Thanks to all for the great info regarding primary coil design.  Having
built my
first TC over 35 years ago (jr high school) from a Popular Electronics or
Science
article - and clearly not knowing what I was doing, I've had an urge - ever
since
- to build another.  I've just finished the secondary.    This has proven
to be an
extremely informative web site.  Thanks again.
Larry

Tesla List wrote:

> Original Poster: "Barton B. Anderson" <mopar-at-uswest-dot-net>
>
> Larry,
>
> A flat, conical, or vertical primary can ALL over-couple or under-couple.
The
> main advantage of a flat primary is it's "distance" away from the top
> terminal,
> thus, there is less likely a tendency to strike the primary (of course,
it can
> still happen).
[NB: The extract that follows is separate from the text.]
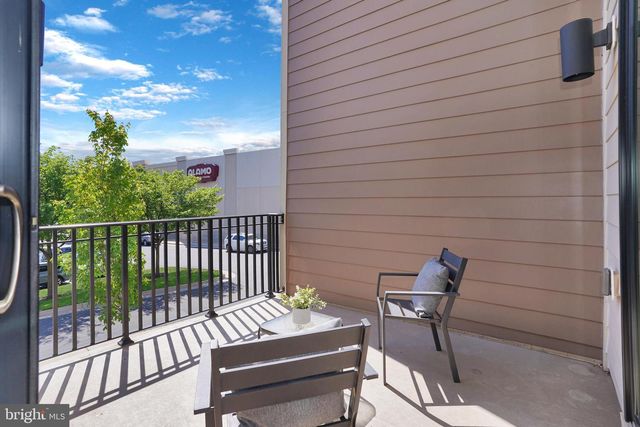 20364 NORTHPARK DR, Ashburn, VA 20147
If one builds a vertical or cone primary in an attempt to
> couple
> more energy to the secondary LC, they will gain nothing over a flat
primary. A
> flat primary can couple just as much energy to the secondary and even
> couple too
> much. As most coils don't couple beyond 0.2, a vertical, conical, or flat
> primary
> can all provide this coefficient.
>
> Bart
>
> Tesla List wrote:
>
> > Original Poster: Larry Fennigkoh <nnttnn-at-mixcom-dot-com>
> >
> > Greetings:
> >
> > A basic question for you seasoned coilers:  why is a the flat spiral
> primary,
> > and lower coupling coefficient, better than a vertical helix or inverted
> > cone??  Seems sort of counter-intuitive . . . don't you want to maximize
> > coupling?  thanks.
> > Larry
> >
> > Tesla List wrote:
> >
> > > Original Poster: "D.C. Cox" <DR.RESONANCE-at-next-wave-dot-net>
> > >
> > > to: Travis
> > >
> > > Power is potential (voltage) x current (amperage).  Therefore,
> > >
> > > 15,000 volts x .030 amps  =  450 watts      (would be twice that with
> 60 ma
> > > xmfr)
> > >
> > > P = E/I  , so   I = P/E , current = power / potential
> > >
> > > If you ignore losses (very slight in this case) you can assume you
need to
> > > put as much power into the xmfr as you will be getting out of the
> secondary
> > > side, so
> > >
> > > Pin   =   Pout
> > >
> > > Transposing,    Pout  =  Pin
> > >
> > > so, if these two are equal then you can assume you also have 450
watts on
> > > the primary side of the xmfr, therefore,
> > >
> > > Pin  =  potential (volts) x current (amps)     again, same as secondary
> > > side, so
> > >
> > > Pin =  E x I ,      I  =  P/E  =  450 watts / 120 volts  =  3.75 amps
> > > primary current draw
> > >
> > > I would suggest a 5 or 6 amp fuse on the primary side for protection.
> > >
> > > Also, if you can't find a 15 kV, 60 ma xmfr just use a 12 kV, 60 ma
xmfr.
> > > They are much easier to find and the output difference will be very
small.
> > >
> > > Hope this helps you out and now you can see how the math is done.
> > >
> > > DR.RESONANCE-at-next-wave-dot-net
> > >
> > > ----------
> > snip